Questo Cronenberg prima maniera sembra guardare con particolare disprezzo – ma, bisogna dire, con un costante barlume di razionalità – le futilità dettate dal consumismo e dal culto dell’apparenza, quasi fosse una sorta di incrocio tra il rifiuto “punk” della società ed un pizzico di filosofia straight-edge. Quello che accade bilancia, in qualche modo, una “normalità” che è vuotamente rassicurante ad un orrore reale che viene abilmente nascosto, che le persone non sanno o non vogliono vedere, chiuse nel proprio ostinato considerare altri aspetti. Esemplare, a tale riguardo, la prima sequenza del film, nel quale viene intervallato l’arrivo degli ospiti svedesi nell’Arca di Noè – con annesso gentilissimo cerimoniale – con il dottor Emil Hobbes che tenta di aggredire una ragazza (Annabelle), la soffoca dopo una colluttazione, le tappa la bocca con del nastro adesivo e la spoglia al solo scopo di estrarre il verme che la tormentava da dentro le viscere. L’idea di base, poi degenerata, avuta dallo scienziato doveva essere quella di realizzare un parassita da immettere nei corpi perchè potesse fare le veci di eventuali organi mancanti (ad esempio nel caso di trapianto di reni). L’abilità dello stesso nell’ottenere finanziamenti per le ricerche – e qui Cronenberg vista la genesi del suo film appare leggermente auto-ironico – aveva permesso di sviluppare l’idea che poi, pero’, era degenerata attraverso i vari rapporti sessuali che la Annabelle uccisa all’inizio aveva avuto.
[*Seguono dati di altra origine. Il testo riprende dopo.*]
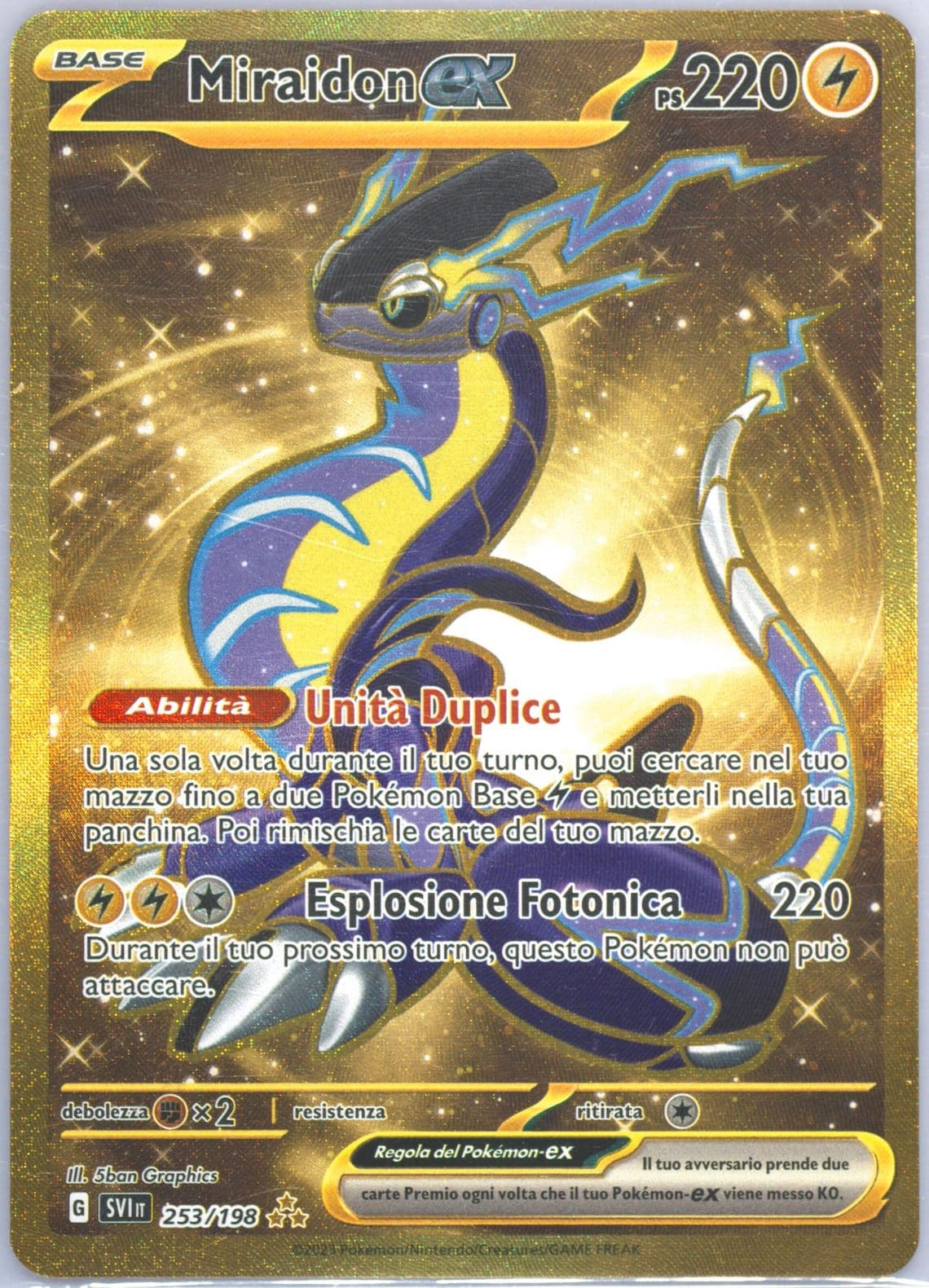 Miraidon EX Hyper Rare (253) 2023 Pokemon Italian Svi It-Scarlet & Violet
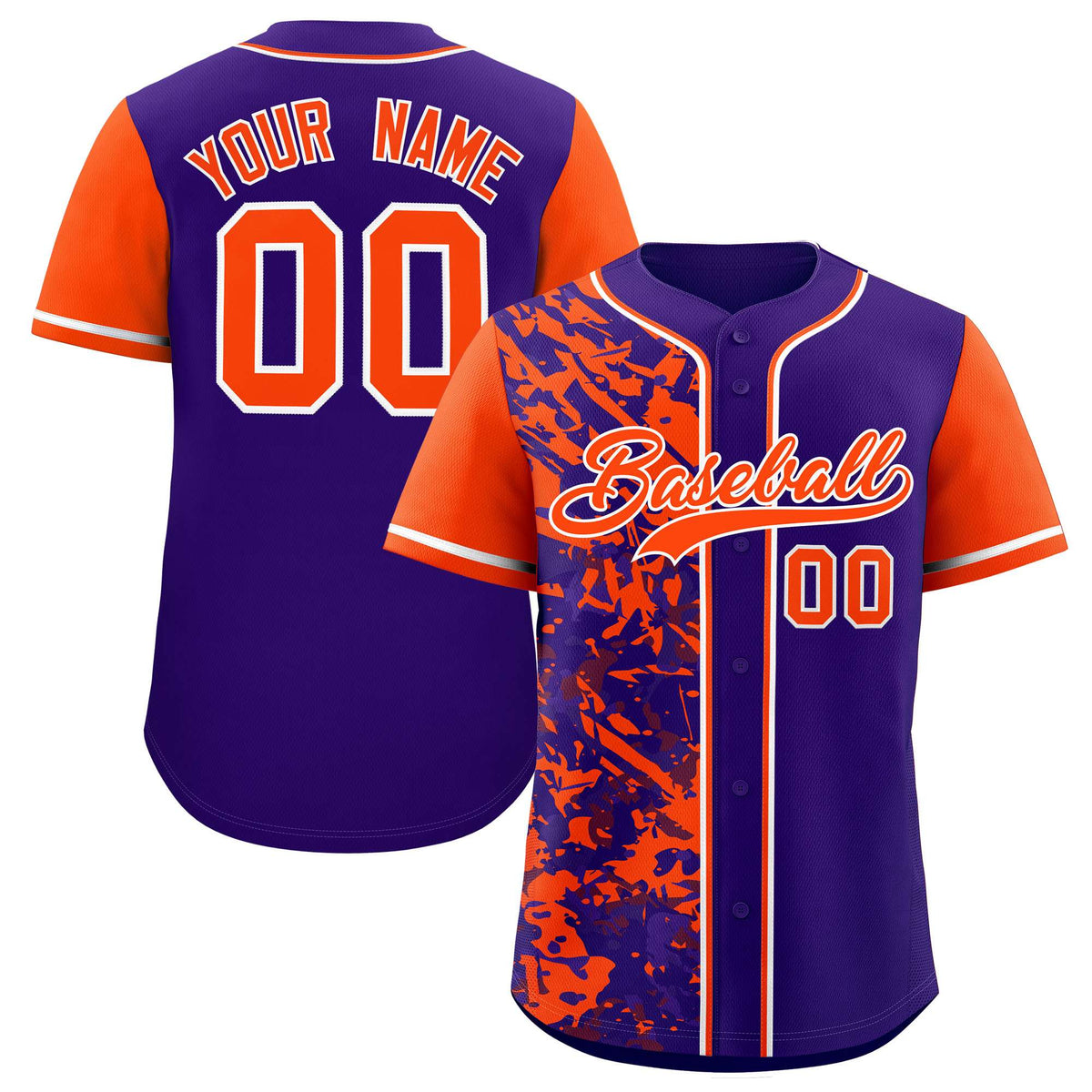 Custom Purple Orange Split Personalized Graffiti Raglan Sleeve Authentic Baseball Jersey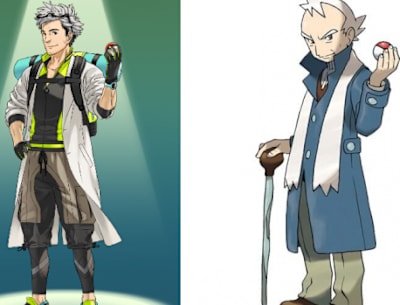 Professor Willow e o líder de ginásio Pryce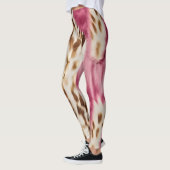 Stijlvolle Girly Roze Wit Goud Zebra Leggings (Links)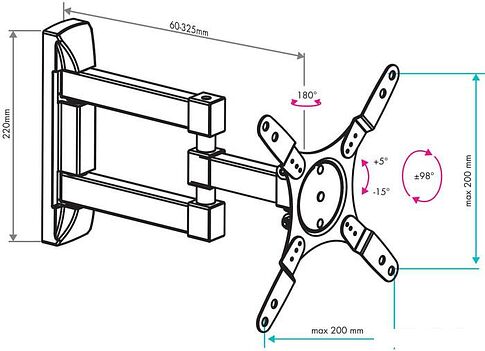 Кронштейн VLK TRENTO-105 (черный)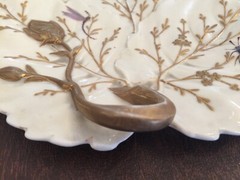 Antique Theodore Haviland HANDPAINTED Sculptural Leaf Plate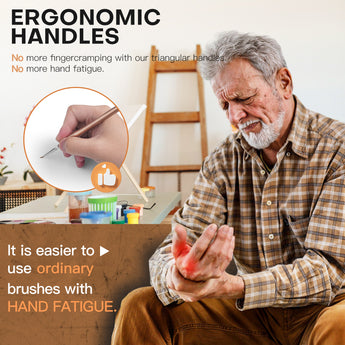 Ergonomic Detail Brush with triangular handles provides a comfortable grip, preventing your hand fatigue and cramping.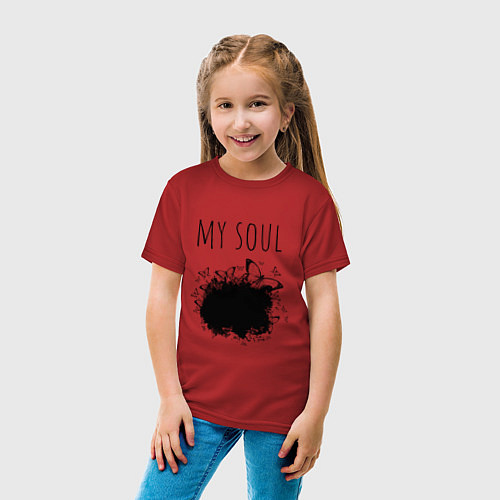 Детская футболка Моя душа прекрасна / Красный – фото 4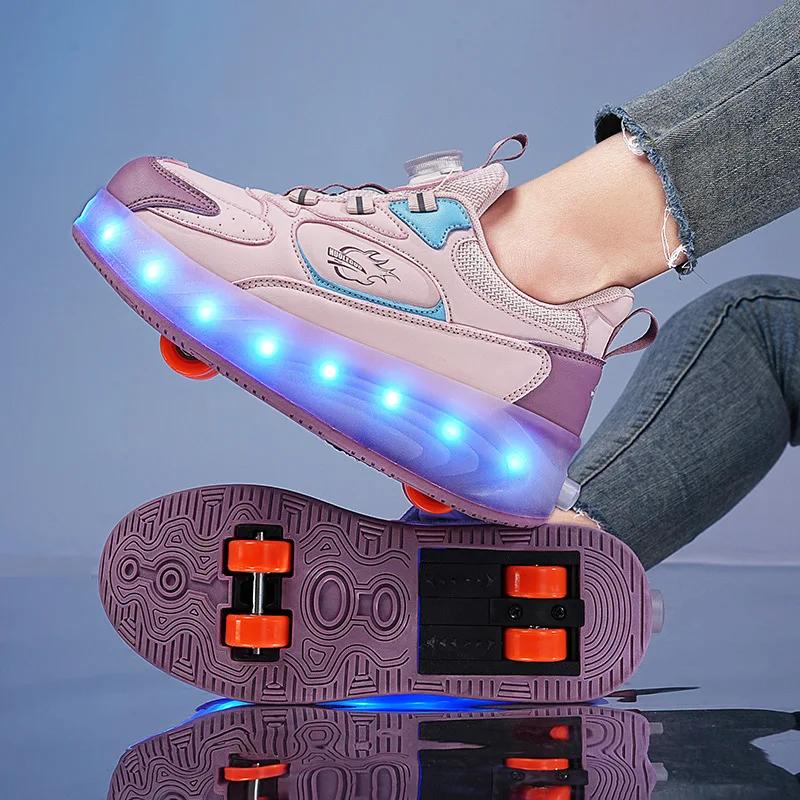 Children's 4-wheel Invisible Roller Skate Shoes Adult Roller Skates Boys' Wheel Shoes Girls' Skates Shoes With Wheels Sneaker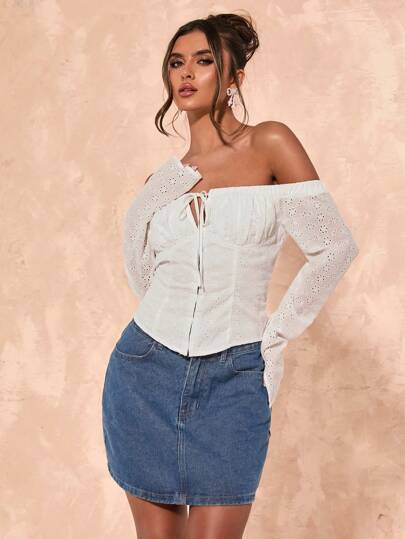 SHEIN BAE Áo nữ mùa xuân hè lãng mạn, giản dị, thích hợp mặc hàng ngày, đi nghỉ mát, đi biển, dự lễ hội âm nhạc, chất liệu vải thêu trắng, kiểu trễ vai, đi chơi, mùa hè cho nữ, áo hè dễ thương, áo nữ đi nghỉ mát nhiệt đới, lễ hội nhạc rave.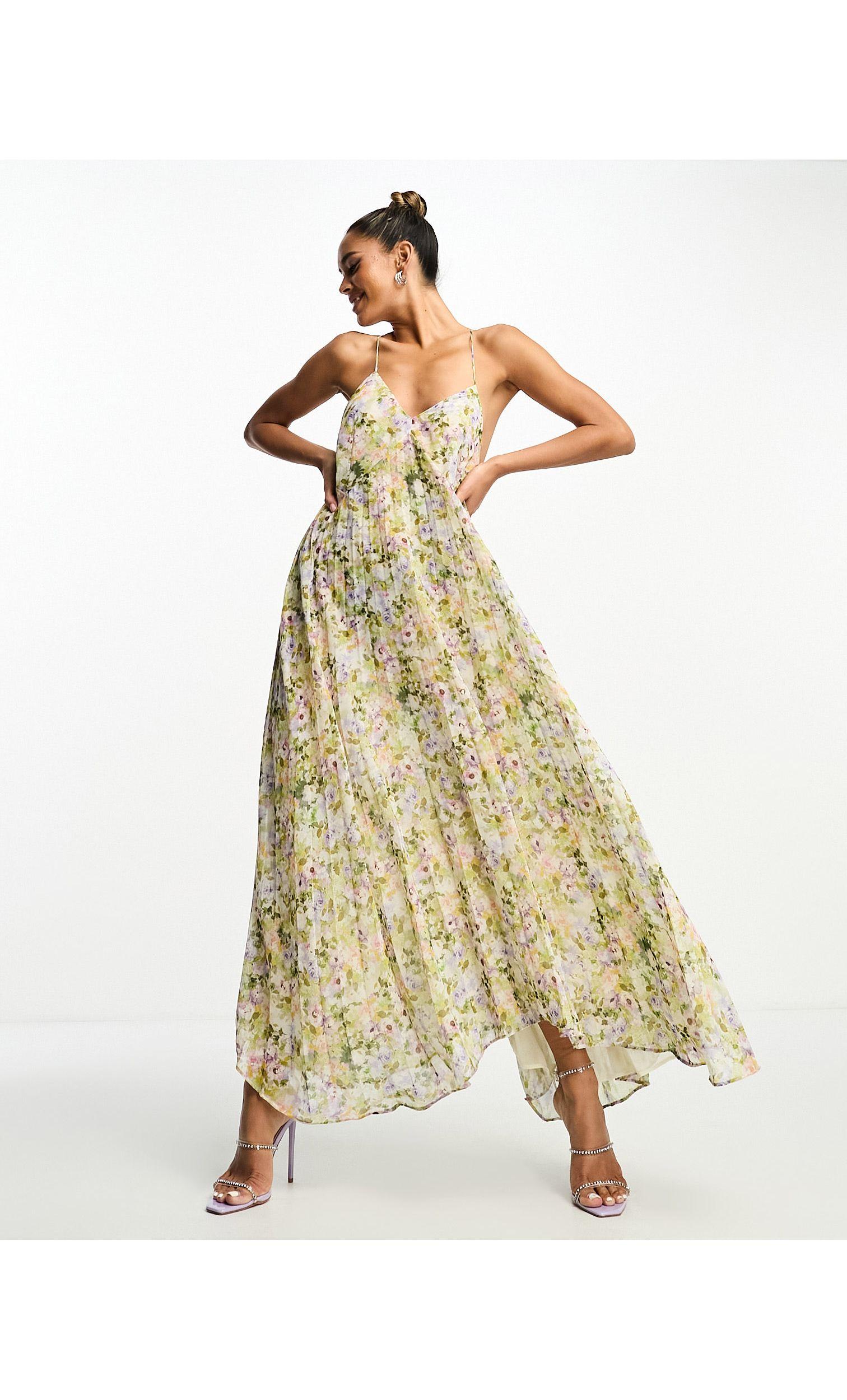 Mango Premium Floral Pleated Maxi Dress With Backless Detail in White | Lyst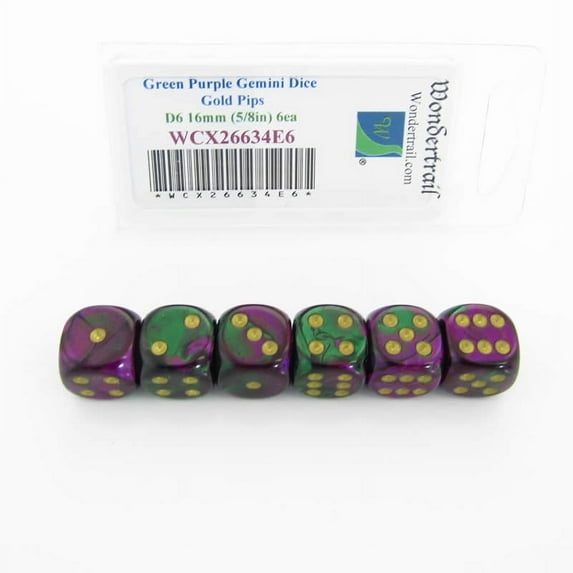 Green and Purple Gemini Dice with Gold Pips D6 16mm (5/8in) Pack of 6 Wondertrail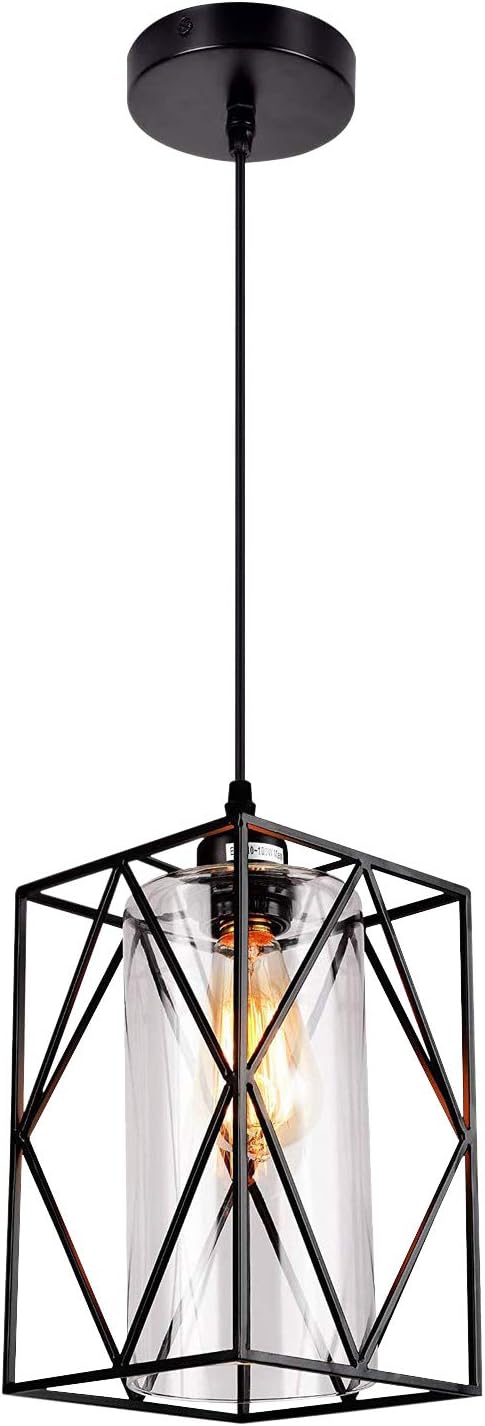 HMVPL Adjustable Pendant Lighting Fixture, Modern Iron Industrial Mini Swag Hanging Lamps with Glass Shade for Kitchen Island Bedroom Hallway Bar Living Room - - 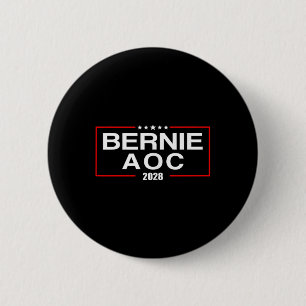 Macaron Rond 5 Cm Bernie Aoc 2028 Bernie Sanders Alexandria Cortez P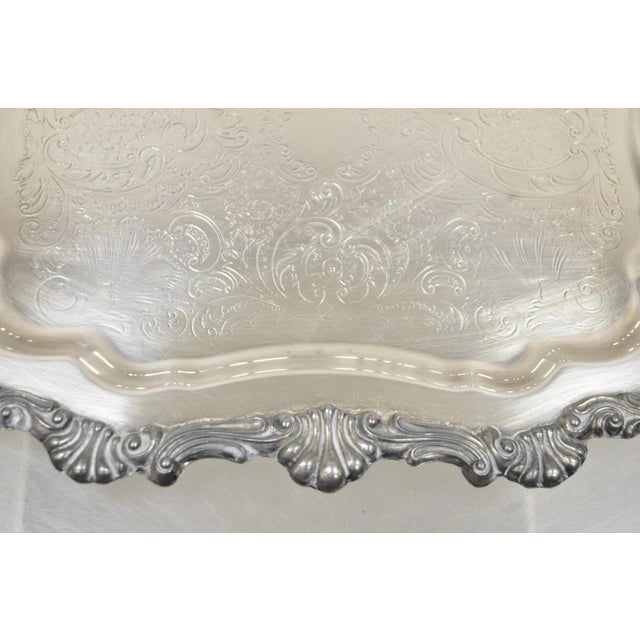 Metal Vintage Fb Rogers 6720 Victorian Style Silver Plated Small Serving Dish Platter For Sale - Image 7 of 10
“Il demone sotto la pelle“, in effetti, è stato creato dall’uomo, e si materializza in alcuni viscidi essere striscianti che si insinuano nel corpo delle persone e le rendono schiave dei propri desideri sessuali. Un’idea molto forte, in forte controtendenza, se vogliamo, rispetto alla nota diffusione del cinema porno che si trovava ad uscire ufficialmente allo scoperto giusto in quel periodo (basti pensare che nel 1972 erano usciti “Gola Profonda” con Linda Lovelace e “Dietro la porta verde” con la Marylin Chambers che poi sarà segnalata a Cronenberg per il successivo “Rabid, sete di sangue“). Gli anni 70 avevano proposto, quindi, una visione liberatoria della socialità, che si esplicava anche attraverso una visione libera del sesso: qui, invece, questa visione certamente attrattiva ed intrigante da un lato (la bella infermiera che viene importunata da uno dei pazienti) e morbosamente orrorifica dall’altro (la stessa donna che possiede un parassita nello stomaco che le esce dalla bocca) fa forse capire il vero motivo per cui il film venne aspramente criticato, tirando in ballo populisticamente il fatto che Cronenberg avesse utilizzato fondi pubblici per finanziare l’opera. Lo slogan lanciato dal giornalista Fulford sembrava, forse, più rivoltante degli stessi vermi rappresentati: “Dovreste sapere quanto faccia schifo questo film, visto che l’avete pagato voi“.
A ben vedere in Shivers, inoltre, esiste più di un parallelismo con quanto raccontato ne “L’invenzione di Morel“, relativamente all’idea dell’isola felice, del (finto) paradiso sulla terra creato dall’uomo per isolarsi dalle angosce quotidiane, che poi finisce per rivelarsi un vuoto contenitore pieno delle stesse angosce che si volevano evitatre, degenerate fino al parossismo. Uno dei migliori film del regista, scientificamente credibile ed accurato, uno dei più interessanti body-horror della storia, sebbene penalizzato da una qualità visiva non perfetta e da un’età che si fa sentire che, soprattutto, indaga su una delle paure probabilmente più diffuse tra gli esseri umani, ovvero quella di ammalarsi di qualcosa di sconosciuto.